Né en 43 avant J.-C. à Sulmone, près de Rome, Ovide est un poète majeur de la latinité. Il est célèbre pour ses « Métamorphoses ».
Rejetant la proximité avec les différents pouvoirs politiques, il développe d’abord, le thème de l’amour, qui le rend célèbre, très jeune, puis projette d’écrire une œuvre qui cherche à retracer le parcours de la création du monde jusqu’à son époque. Il composera ainsi les Métamorphoses en 12000 vers, où sont réunies 231 histoires, en 15 livres.
Le mythe, comme récit imaginaire, donne aux Métamorphoses une force poétique, revisitée à travers les siècles par divers poètes et auteurs qui sont allés sur ses traces.

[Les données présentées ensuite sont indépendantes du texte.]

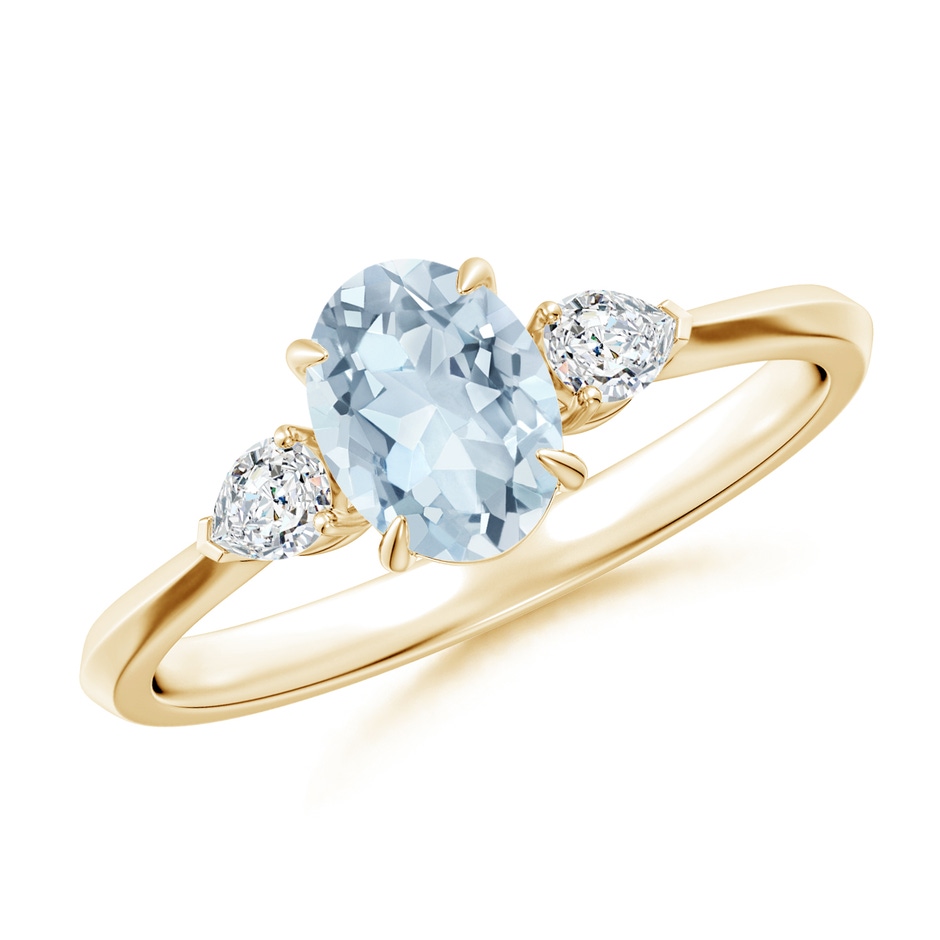 7x5mm A Oval Aquamarine and Pear Diamond Three Stone Engagement Ring in Yellow Gold 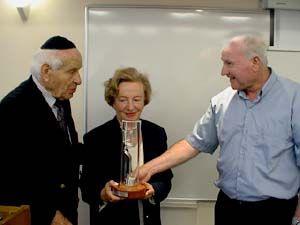 Ishai Amrami, Yad Vashem Director-General, presents the Weiszs with the six-branched candlabra, the symbol of Yad Vashem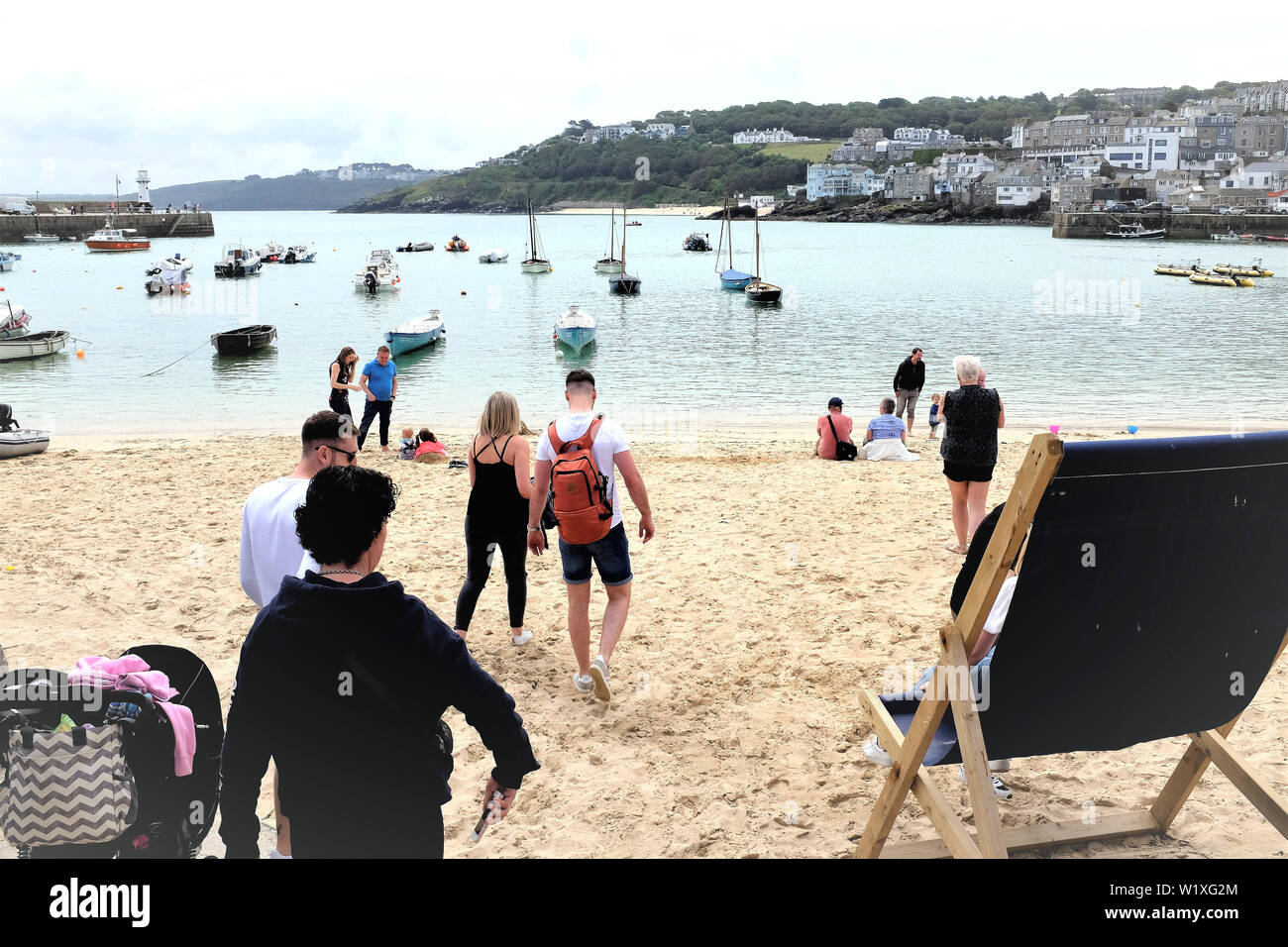 St. Ives, Cornwall, UK. June 24, 2019. Holidaymakers enjoying the sands overlooking the Harbor with high tide at St. Ives in Cornwall, UK. Stock Photo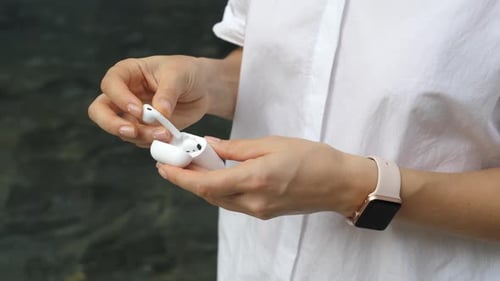 Woman Holding and Closing Wireless Earbuds Case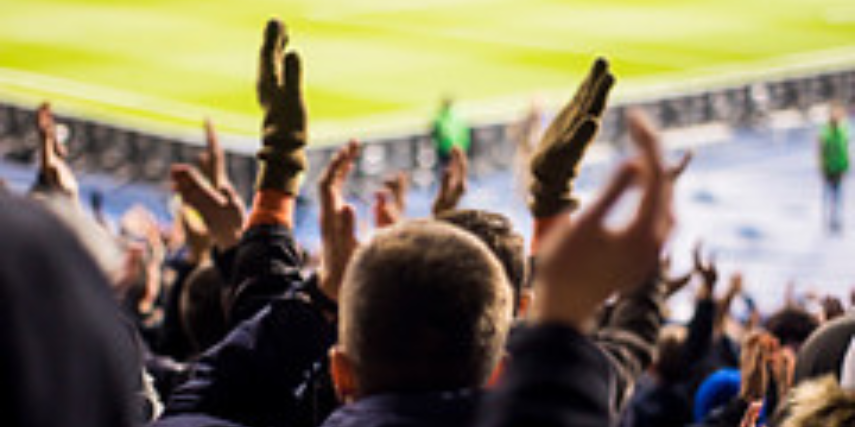 Arena football fans viewed from behind as they cheer for their teams.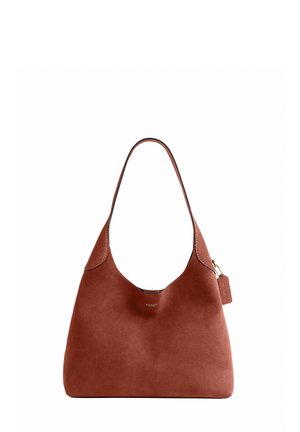 Braune Wildleder-Schultertasche mit einem Tragegriff, kleinem goldenen Logo vorne und angebrachtem Lederanhänger an einer goldenen Kette.
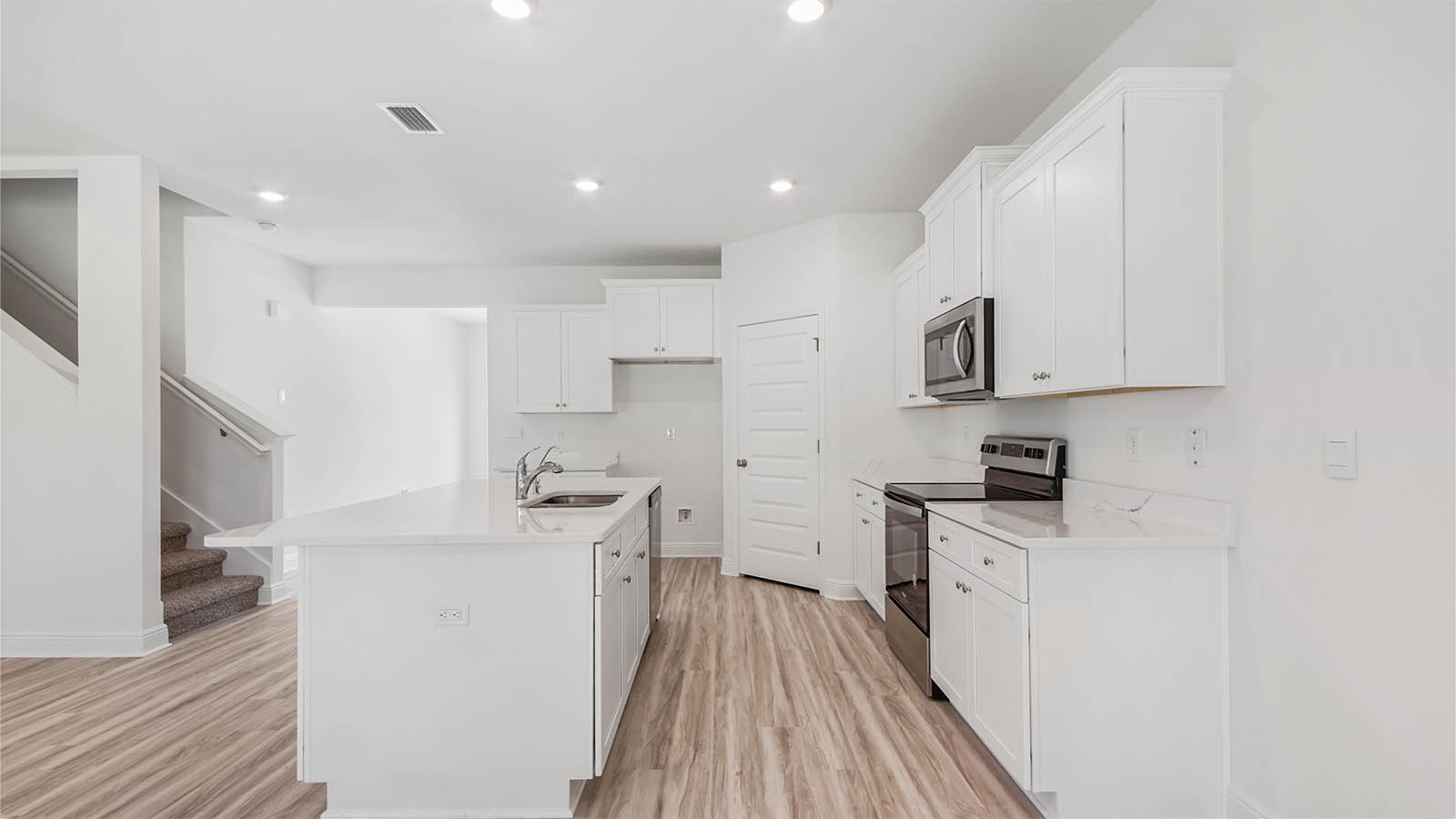 Kitchen with EVP flooring and quartz countertops and white cabinetry.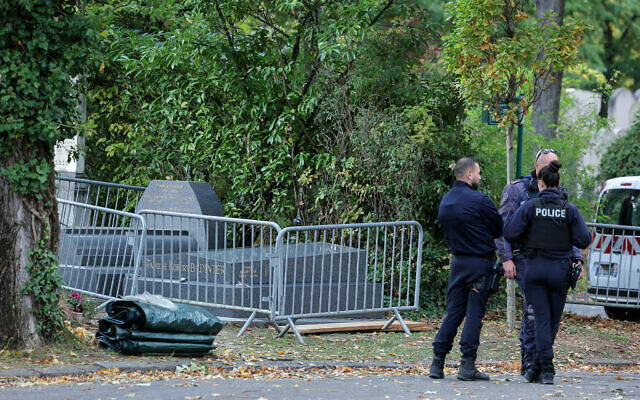 French police officers stand next to the grave of former French justice minister Robert Badinter, which had been vandalized, at the Bagneux cemetery in Bagneux, near Paris, on October 9, 2025. (Thomas SAMSON / AFP)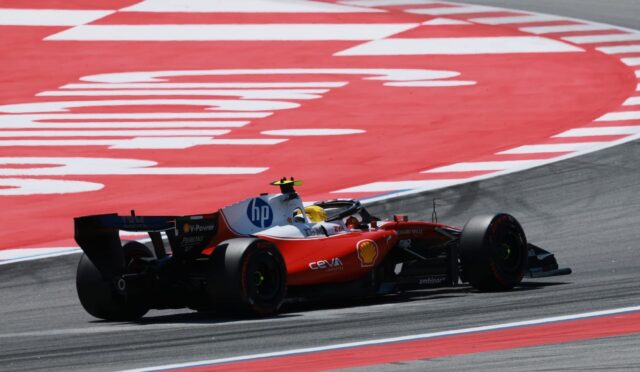 Red Formula 1 car cornering at speed on a race track, with a red-and-white curbed runoff area in the background and the driver wearing a yellow helmet.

Exilé en Mer noire, à la fin de sa vie, pour une raison inconnue, pris de désespoir, il écrit des poèmes pleins de mélancolie, Les Tristes, Les Pontiques. Il meurt en 18 après J.-C.
Tahar Bekri
Il était une source limpide aux eaux brillantes et argentées, que ni les bergers, ni les chèvres qui paissent sur la montagne, ni nul autre bétail n’avait jamais approchée, que n’avait troublée, nul oiseau, nulle bête sauvage, nul rameau tombé d’un arbre. Elle était entourée de gazon qu’entretenait la proximité de l’eau : et la forêt empêchait le soleil de jamais réchauffer ces lieux. C’est là que l’enfant, fatigué par l’ardeur de la chasse et par la chaleur, vint s’étendre, attiré par l’aspect du lieu et par la source. Mais, tandis qu’il tente d’apaiser sa soif, une autre soif grandit en lui. Pendant qu’il boit, séduit par l’image de sa beauté qu’il aperçoit, il s’éprend d’un reflet sans consistance, il prend pour un corps ce qui n’est qu’une ombre. Il reste en extase devant lui-même, et, sans bouger, le visage fixe, absorbé dans ce spectacle, il semble une statue faite de marbre de Paros. Il contemple, couché sur le sol, deux astres, ses propres yeux, et ses cheveux, dignes de Bacchus, dignes aussi d’Apollon, ses joues imberbes, son cou d’ivoire, sa bouche charmante, et la rougeur qui colore la blancheur de neige de son teint. Il admire tout ce par quoi il inspire l’admiration. Il se désire, dans son ignorance, lui-même. Ses louanges, c’est lui-même qu’il les décerne. Les ardeurs qu’il ressent, c’est lui qui les inspire. Il est l’aliment du feu qu’il allume. A combien de reprises il prodigua de vains baisers à l’onde trompeuse ! Que de fois, pour saisir le cou aperçu, il plongea dans l’eau ses bras, sans les refermer sur soi. Que voit-il donc ? Il l’ignore; mais ce qu’il voit l’embrase, et la même erreur qui abuse ses yeux excite leur convoitise. Crédule enfant, à quoi bon ces vains efforts pour saisir une fugitive apparence? L’objet de ton désir n’existe pas ! Celui de ton amour, détourne-toi et tu le feras disparaître. Cette ombre que tu vois, c’est le reflet de ton image. Elle n’est rien par elle-même, c’est avec toi qu’elle est apparue, quelle persiste, et ton départ la dissiperait, si tu avais le courage de partir!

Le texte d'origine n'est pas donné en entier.